Страшно было, когда вдруг из пустыни приходил лев песка. Это случалось редко, потому что угодья огромных зверей с косматыми гривами и пастями, обведенными черной каймой, находились далеко, там, где пустыня прорастала травами и торчали среди них костлявые рощи акаций. Но если какой из пустынных львов забредал в деревню, то, обезумев от жажды и голода, рвал все, что встречалось на пути. Потому охотники умели биться со львами.
Передавали от отца к сыну знания о том, где под глазницей и в середине лица над носом, или рядом с подмышкой, когда поднята смертельная лапа, находятся тайные уязвимые места. Собрав мальчиков, повторяли нараспев, показывая пальцем или концом копья на старой шкуре или на одном из мальчишек, что послушно поворачивался, скаля в улыбке молодые зубы. Мальчики росли, но учеба не прекращалась. Потому что один безумный лев мог убить всю небольшую деревню.
Нуба помнил об этом, когда скрипя, чуть сдвинулась загородка, и он ступил внутрь, а жерди тут же хлопнули о забор за его спиной.
Помнил и то, что эти уроки для него кончились раньше, чем для охотников. Он сменил их на уроки маримму, на долгие путешествия в чужие сны и знания о душе человека и его мыслях. Он вырос, стал огромным и сильным. Но никогда прежде ему не приходилось убивать льва, как делали это мужчины других народов черного царства. Только напевные слова затверженного урока да конец копья, что касался начерченных на шкуре кружков.
Вокруг залитой красным светом площадки чернели и краснели лица, сверкали глаза, глухо гудели голоса.
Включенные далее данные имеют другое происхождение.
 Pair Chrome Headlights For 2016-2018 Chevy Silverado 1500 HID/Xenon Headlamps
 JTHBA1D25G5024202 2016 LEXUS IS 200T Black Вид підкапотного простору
Но лев рыкнул, делая шаг вперед. И все смолкло, будто отпрыгивая в темноту.
Двое сходились, один на двух ногах, медленно делая шаг и еще один. Второй – на четырех лапах, чуть припадая на передние и вытягивая вперед круглую морду.
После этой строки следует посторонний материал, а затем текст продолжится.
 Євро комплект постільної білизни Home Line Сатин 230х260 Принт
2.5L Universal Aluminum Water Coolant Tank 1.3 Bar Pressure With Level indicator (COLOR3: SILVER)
Широкий нос льва медленно двигался, втягивая из воздуха знания о хмельной привычной толпе, ее страхе и трясущейся радости, и о незнакомце, что пришел и помешал насладиться едой. Нюхая, лев ставил круглые, иссеченные шрамами уши, направляя их на каждый звук поочередно. А немигающие глаза следили за противником, не отрываясь, лишь ширя и сужая зрачки, когда на них попадал свет факела.
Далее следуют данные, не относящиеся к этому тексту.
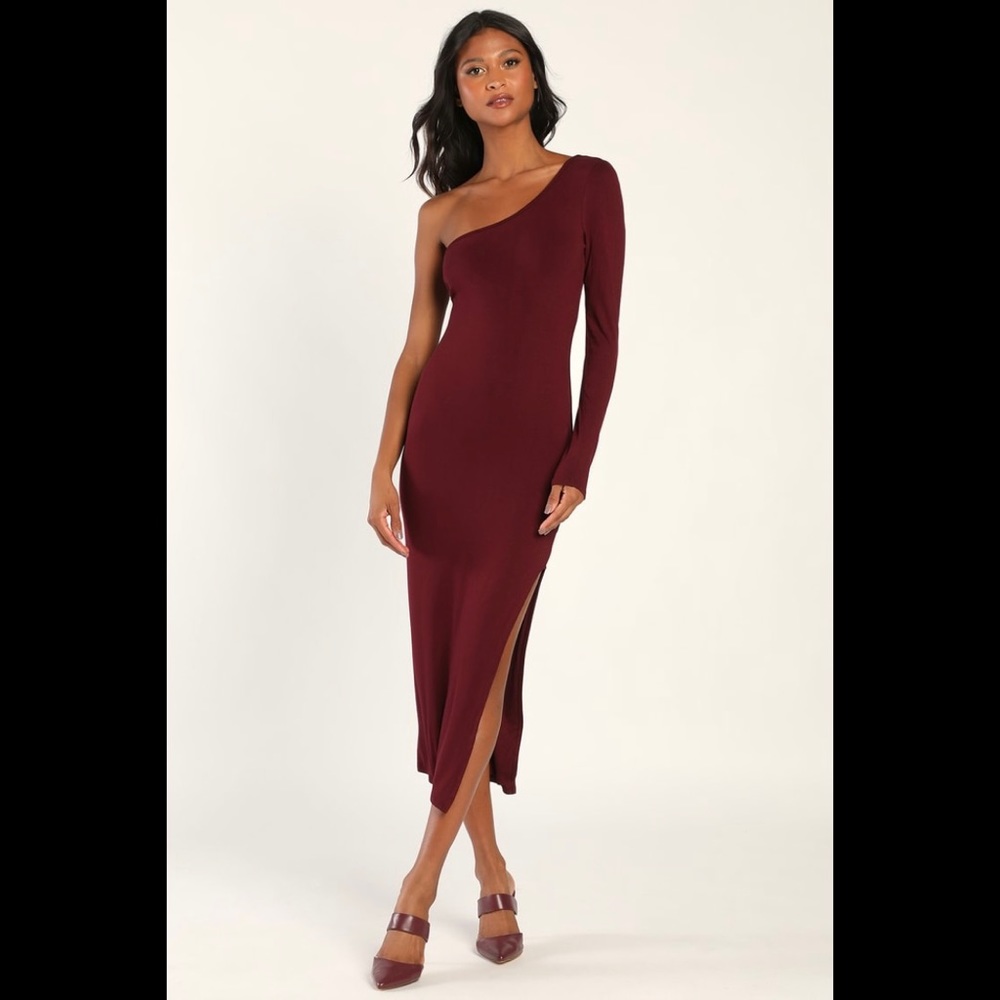 NWT LULUS Number One Babe Plum One-Shoulder Bodycon Midi Dress - Picture 6 of 10
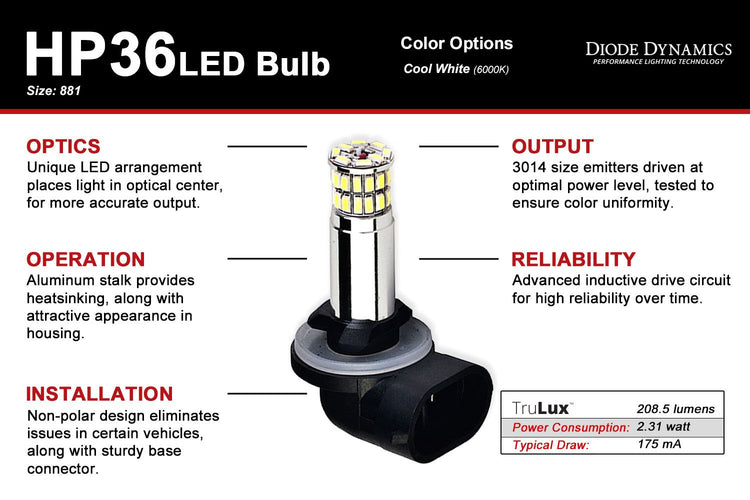 881 HP36 LED Cool White (Pair) Diode Dynamics-dd0126p-4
Лев не был голоден и будь он просто львом, то может и не принял бы вызов первым. Но бессмертный лев не терпел присутствия других мужчин. А этот был еще и мясом, тем самым, сладчайшим, что сейчас льву доставалось лишь изредка, глухими ночами, когда вокруг не было людей, кроме хозяина.
По-прежнему пригибая морду, лев вышел на середину поляны и остановился, выпрямив лапы и расправляя плечи. Горло задвигалось, рождая грозное рычание, что говорило – ну, пришелец, теперь твоя очередь сказать. Но тот молчал и не остановился. Медленно подходил и когда нарушил последнюю границу, лев прыгнул.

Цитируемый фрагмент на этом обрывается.